TASK BRIEF =
Print, exactly as they stand, the lines below from the one that has "전신 여자 남자 행복" to the one that has "Red and Brilliant", inclusive, leaving out the pictures.

WORKING DATA =
· · · · ·
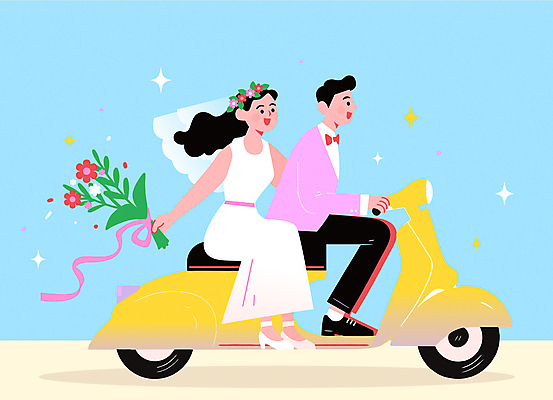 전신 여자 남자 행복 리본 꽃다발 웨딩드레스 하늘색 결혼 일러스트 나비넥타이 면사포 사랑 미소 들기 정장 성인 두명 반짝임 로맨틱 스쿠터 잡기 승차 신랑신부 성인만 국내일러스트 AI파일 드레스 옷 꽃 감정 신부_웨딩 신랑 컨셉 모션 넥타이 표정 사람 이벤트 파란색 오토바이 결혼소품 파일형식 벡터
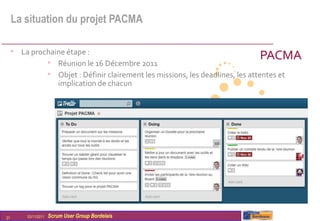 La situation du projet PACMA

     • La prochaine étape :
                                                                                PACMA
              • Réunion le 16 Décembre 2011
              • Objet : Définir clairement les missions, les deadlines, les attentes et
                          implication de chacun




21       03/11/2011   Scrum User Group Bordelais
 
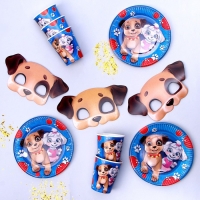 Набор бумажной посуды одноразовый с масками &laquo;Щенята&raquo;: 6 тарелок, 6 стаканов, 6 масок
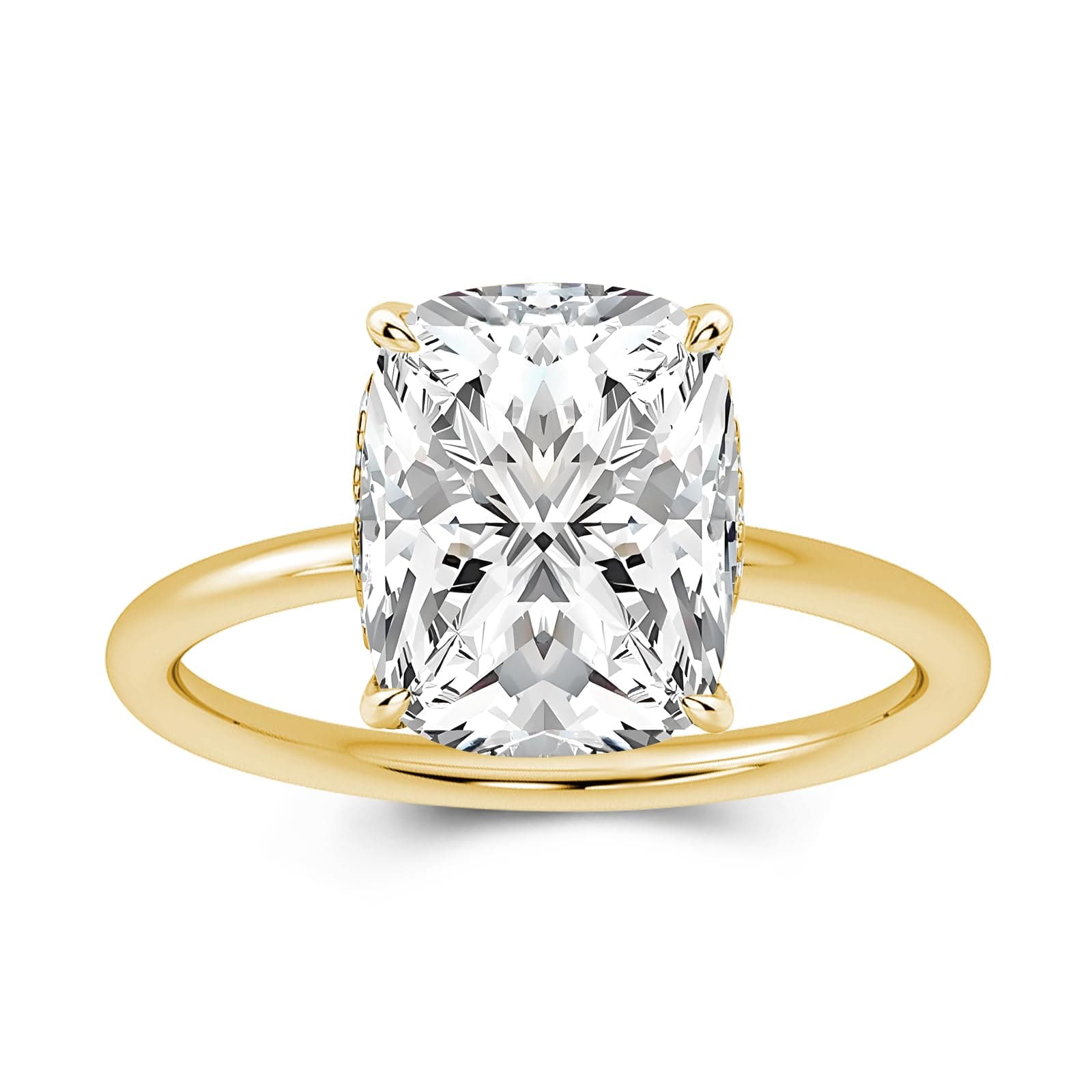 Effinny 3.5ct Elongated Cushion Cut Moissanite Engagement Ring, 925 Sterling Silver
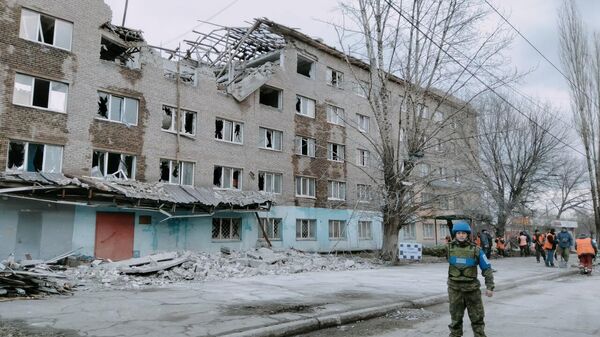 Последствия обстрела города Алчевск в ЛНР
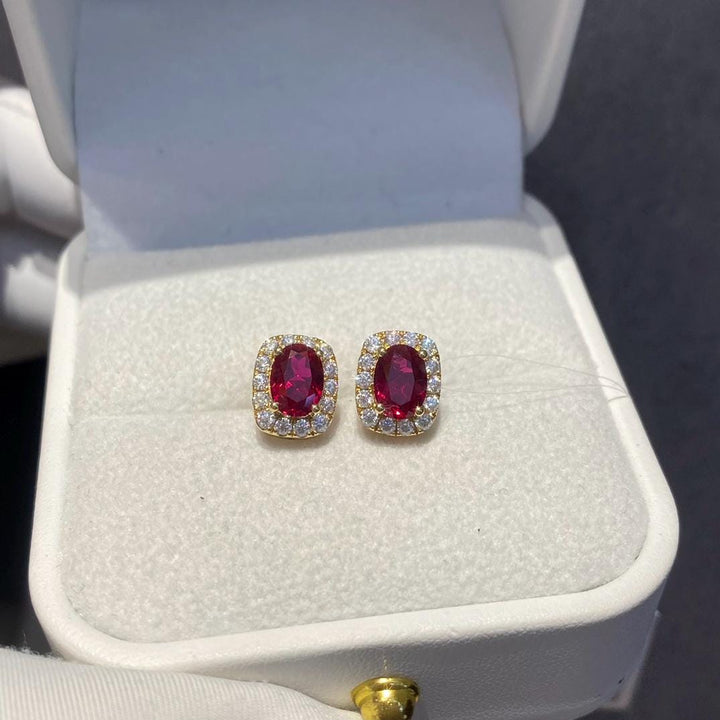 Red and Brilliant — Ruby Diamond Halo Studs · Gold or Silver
· · · · ·
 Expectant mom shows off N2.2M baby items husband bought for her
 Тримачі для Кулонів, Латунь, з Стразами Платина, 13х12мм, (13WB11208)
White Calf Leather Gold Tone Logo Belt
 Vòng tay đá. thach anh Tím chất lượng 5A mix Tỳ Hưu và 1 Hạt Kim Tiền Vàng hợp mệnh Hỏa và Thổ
· · · · ·
ANSWER FOR THE TASK =
 전신 여자 남자 행복 리본 꽃다발 웨딩드레스 하늘색 결혼 일러스트 나비넥타이 면사포 사랑 미소 들기 정장 성인 두명 반짝임 로맨틱 스쿠터 잡기 승차 신랑신부 성인만 국내일러스트 AI파일 드레스 옷 꽃 감정 신부_웨딩 신랑 컨셉 모션 넥타이 표정 사람 이벤트 파란색 오토바이 결혼소품 파일형식 벡터
 La situation du projet PACMA

     • La prochaine étape :
                                                                                PACMA
              • Réunion le 16 Décembre 2011
              • Objet : Définir clairement les missions, les deadlines, les attentes et
                          implication de chacun




21       03/11/2011   Scrum User Group Bordelais
 
 Набор бумажной посуды одноразовый с масками &laquo;Щенята&raquo;: 6 тарелок, 6 стаканов, 6 масок
 Effinny 3.5ct Elongated Cushion Cut Moissanite Engagement Ring, 925 Sterling Silver
 Последствия обстрела города Алчевск в ЛНР
 Red and Brilliant — Ruby Diamond Halo Studs · Gold or Silver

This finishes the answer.